- Born: 11 August 1930 Oslo, Norway
- Died: 25 April 2007 (aged 76) Arendal, Norway
- Occupation: sculptor
- Spouse: Kirsten Birgitte Vinje
- Awards: Order of St. Olav

= Arne Vinje Gunnerud =

Norwegian sculptor (1930–2007)

Arne Vinje Gunnerud (11 August 1930 – 25 April 2007) was a Norwegian sculptor.

==Biography==
Gunnerud was born in the Vika neighborhood of Oslo and grew up at Drøbak in Akershus. He was the son of Andreas Gunnerud (1879–1951) and Marie Victoria Vinje (1891–1996). He early artistic talent was first discovered by sculptor Sigri Welhaven. He attended the Norwegian National Academy of Craft and Art Industry (Statens håndverks- og kunstindustriskole) from 1947 to 1950.
This was followed by attendance at Norwegian National Academy of Fine Arts (Statens kunstakademi) from 1951 to 1954 where he was instructed by Per Palle Storm. He debuted at the Autumn Exhibition (Høstutstillingen) in 1953.

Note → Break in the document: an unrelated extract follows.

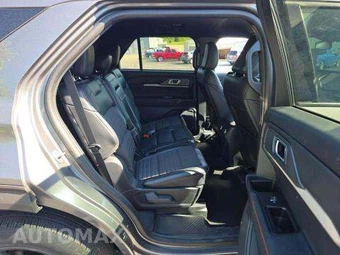 2025 Ford Explorer ST-Line - miniatura 18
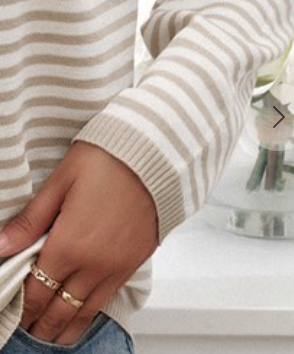 Round Neck Striped Sweater IVORY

Among his works are the tree sculpture Midgardsormen from 1973, the bronze sculpture Vettløyse from 1978 (located in Oslo), Fenrisulven vil bryte seg løs from 1980 (in Tokyo), Soltreet (suntree) in Stavanger from 1984 and Bacalhaujagt from 1996 (in Lisbon).

He also made the war memorial monument Pax, raised at Lindesnes in 1997 in memory of the sinking of the prison ship Palatia in 1942.